** Opening EXERCISE MATERIAL block **

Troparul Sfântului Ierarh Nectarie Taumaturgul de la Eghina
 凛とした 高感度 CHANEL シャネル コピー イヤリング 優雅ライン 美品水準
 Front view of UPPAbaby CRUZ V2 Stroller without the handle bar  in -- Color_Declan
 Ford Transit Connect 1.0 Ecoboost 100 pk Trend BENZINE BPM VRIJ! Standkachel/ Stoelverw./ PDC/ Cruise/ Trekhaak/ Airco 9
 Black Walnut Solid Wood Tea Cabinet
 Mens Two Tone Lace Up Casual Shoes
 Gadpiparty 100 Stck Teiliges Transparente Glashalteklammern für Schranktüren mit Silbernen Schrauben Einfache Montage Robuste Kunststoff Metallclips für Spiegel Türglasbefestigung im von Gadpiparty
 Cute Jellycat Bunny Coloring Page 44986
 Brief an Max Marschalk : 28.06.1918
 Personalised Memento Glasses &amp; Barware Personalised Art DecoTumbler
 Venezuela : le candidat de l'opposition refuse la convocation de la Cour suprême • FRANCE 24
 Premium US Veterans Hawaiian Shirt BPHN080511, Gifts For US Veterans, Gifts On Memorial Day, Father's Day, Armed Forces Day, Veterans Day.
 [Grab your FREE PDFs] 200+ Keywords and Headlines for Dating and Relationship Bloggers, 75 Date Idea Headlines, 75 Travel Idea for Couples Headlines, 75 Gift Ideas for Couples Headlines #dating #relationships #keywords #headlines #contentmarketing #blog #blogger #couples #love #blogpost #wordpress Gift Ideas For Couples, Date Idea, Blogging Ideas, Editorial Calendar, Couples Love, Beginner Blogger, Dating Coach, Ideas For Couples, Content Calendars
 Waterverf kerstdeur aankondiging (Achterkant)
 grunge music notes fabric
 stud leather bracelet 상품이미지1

** Closing EXERCISE MATERIAL block **

WHAT THIS TASK INVOLVES:
Begin with the first line of the listing and copy exactly through the line that contains "Premium US Veterans", please, keeping both ends and leaving out everything after.

EXERCISE RESPONSE:
Troparul Sfântului Ierarh Nectarie Taumaturgul de la Eghina
 凛とした 高感度 CHANEL シャネル コピー イヤリング 優雅ライン 美品水準
 Front view of UPPAbaby CRUZ V2 Stroller without the handle bar  in -- Color_Declan
 Ford Transit Connect 1.0 Ecoboost 100 pk Trend BENZINE BPM VRIJ! Standkachel/ Stoelverw./ PDC/ Cruise/ Trekhaak/ Airco 9
 Black Walnut Solid Wood Tea Cabinet
 Mens Two Tone Lace Up Casual Shoes
 Gadpiparty 100 Stck Teiliges Transparente Glashalteklammern für Schranktüren mit Silbernen Schrauben Einfache Montage Robuste Kunststoff Metallclips für Spiegel Türglasbefestigung im von Gadpiparty
 Cute Jellycat Bunny Coloring Page 44986
 Brief an Max Marschalk : 28.06.1918
 Personalised Memento Glasses &amp; Barware Personalised Art DecoTumbler
 Venezuela : le candidat de l'opposition refuse la convocation de la Cour suprême • FRANCE 24
 Premium US Veterans Hawaiian Shirt BPHN080511, Gifts For US Veterans, Gifts On Memorial Day, Father's Day, Armed Forces Day, Veterans Day.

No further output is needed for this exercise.